Kudos to my Georgia Law colleague Harlan G. Cohen for organizing what promises to be a superb conference on “International Law as Behavior,” a daylong presentation of papers that will lead to a same-named essay volume. Convened by the University of Georgia School of Law and the International Legal Theory Interest Group of the American Society of International Law, this book workshop will be held November 13, 2014, at Tillar House, the ASIL headquarters at 2223 Massachusetts Avenue N.W., Washington, D.C.

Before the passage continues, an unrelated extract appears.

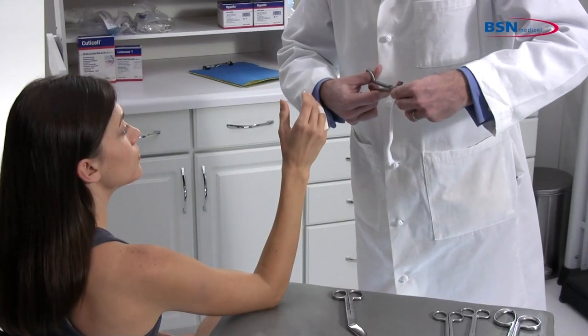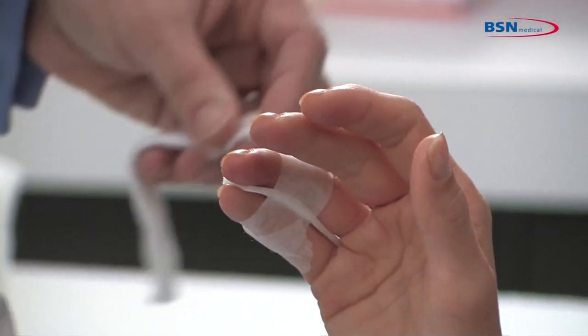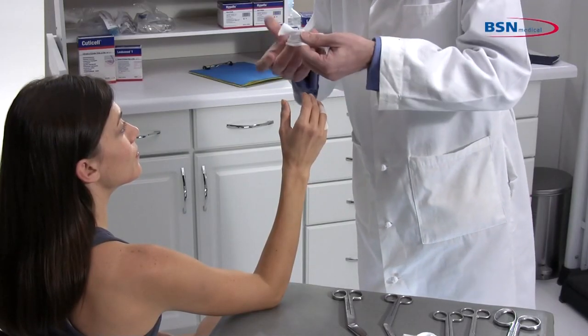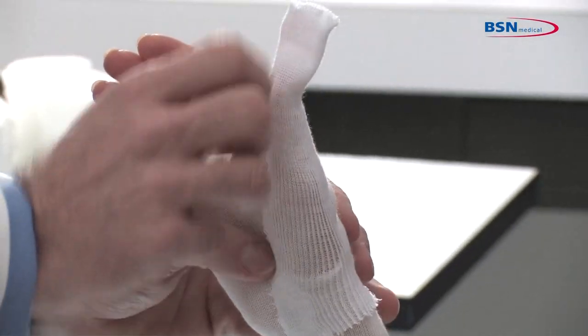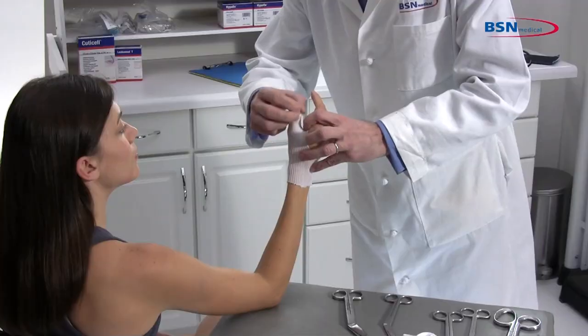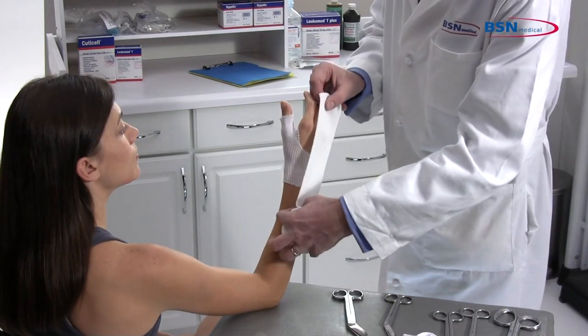Measure with a one-inch stockinette length to protect the thumb area. Make a one-half-inch cut at one-third of the length. Slide the stockinette over the wrist and apply the other part over the thumb for protection. Another option is to measure the length and make a cut to slide over the thumb. Select a stockinette that will not be restrictive at the widest part of the limb.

[T]he workshop will bring together scholars working at the cutting edge in a variety of different fields, including constructivist international relations theory, anthropology, behavioral law and economics, organizations theory, social psychology, and sociology to discuss how these approaches can best be applied to the study of international law, how these approaches can complement both each other and positivist and rationalist accounts, the opportunities and challenges of working across these fields, and the development of a common language and tools to study how international actors actually behave, how their rationality is bounded by psychology, how they operate as members of groups and recipients of culture, and how they write and follow organizational scripts.
The conference has a stellar lineup. Set to take part, in addition to Harlan and another Georgia Law colleague, Timothy L. Meyer, are: IntLawGrrl Elena Baylis, University of Pittsburgh; Tomer Broude, Hebrew University; Adam Chilton, University of Chicago; Sungjoon Cho, Chicago-Kent; Martha Finnemore, George Washington University; IntLawGrrl Jean Galbraith, University of Pennsylvania; Derek Jinks, University of Texas; Ron Levi, University of Toronto; Galit Sarfaty, University of British Columbia; and Kathryn Sikkink, Harvard University.